Do you even need a rotary table? I have a 12” heavy sucker. Have not used it in decades, just sits on the bottom shelf. I do work arounds (and I'm not talking CNC). I have not needed a rotary table in decades. I do use a Hardinge 5C indexer all the time. But, if you are a toolaholic, then you need not ask, just get it, it’s a very good price…Dave


----------



## Bob Korves (Sep 13, 2017)

The price is good, but so are big rotary tables around here.  I bought a cast iron surface plate from a guy near here who is also trying to sell half a dozen or more rotary tables of around that size and a little bigger.  He bought them as a lot and was trying really hard to sell me one, and would have bargained, they weren't moving.  Since CNC, they are just about obsolete in industry, and there are lots of them for sale that do not move because most hobbyists don't want to deal with the weight.  Still, Yuasa makes a quality rotary table, and it is a useful tool.  Reflect on what you really plan to use it for, and the logistics of storing and moving it, then check it out closely before laying your money on the table.


----------



## ezduzit (Sep 13, 2017)

That is a smoking deal on a most excellent quality table.
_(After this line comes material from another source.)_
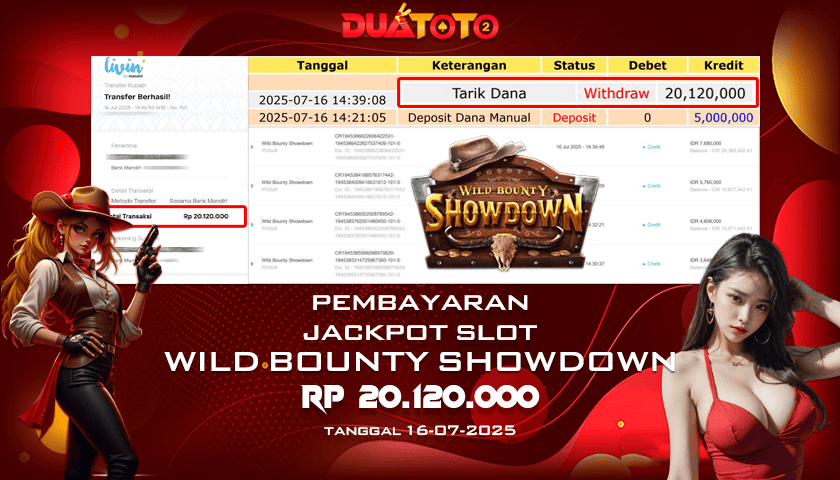 BUKTI PEMBAYARAN JACKPOT SLOT WILD BOUNTY SHOWDOWN 16-07-2025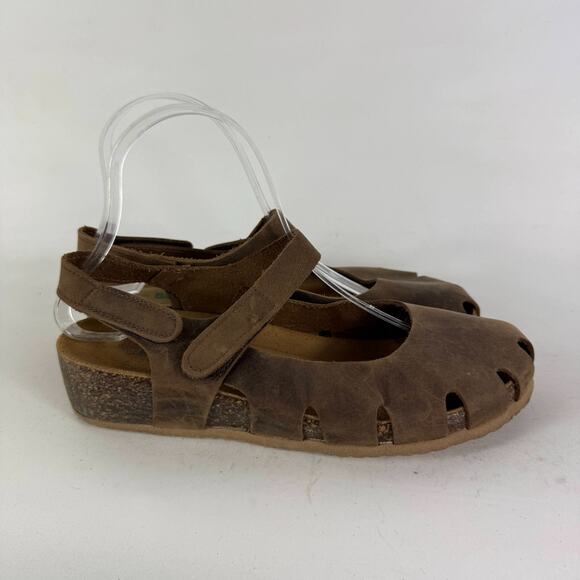 BioNatura Solo Mary Jane Cork Sandal Women's 8 Brown Distressed Leather Slip-On - Picture 2 of 10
I store mine close by so I need only crank the mill table way over to slide the rotary table into place.


----------



## NCjeeper (Sep 14, 2017)

chips&more said:


> Do you even need a rotary table?


 I have an 8" table and use it a lot for projects.


----------



## ezduzit (Sep 14, 2017)

Here's my first fabrication on a mill, an end fitting for a 4" diameter sailboat boom. Used my Troyke rotary table to do much of it.







[/url][/IMG] 







[/url][/IMG]


----------



## Silverbullet (Sep 15, 2017)

Nice job,bet that would have been pricy.


----------



## ezduzit (Sep 15, 2017)

Sb--thank you.


----------



## eeler1 (Sep 18, 2017)

Years ago, maybe the 1950's and 1960's, we used to make fun of stuff made in Japan, but machine tooling was actually pretty good, including Yuasa branded stuff.   Agree with the others as far as need and scale are concerned.  But don't be afraid of the quality of the tool.


----------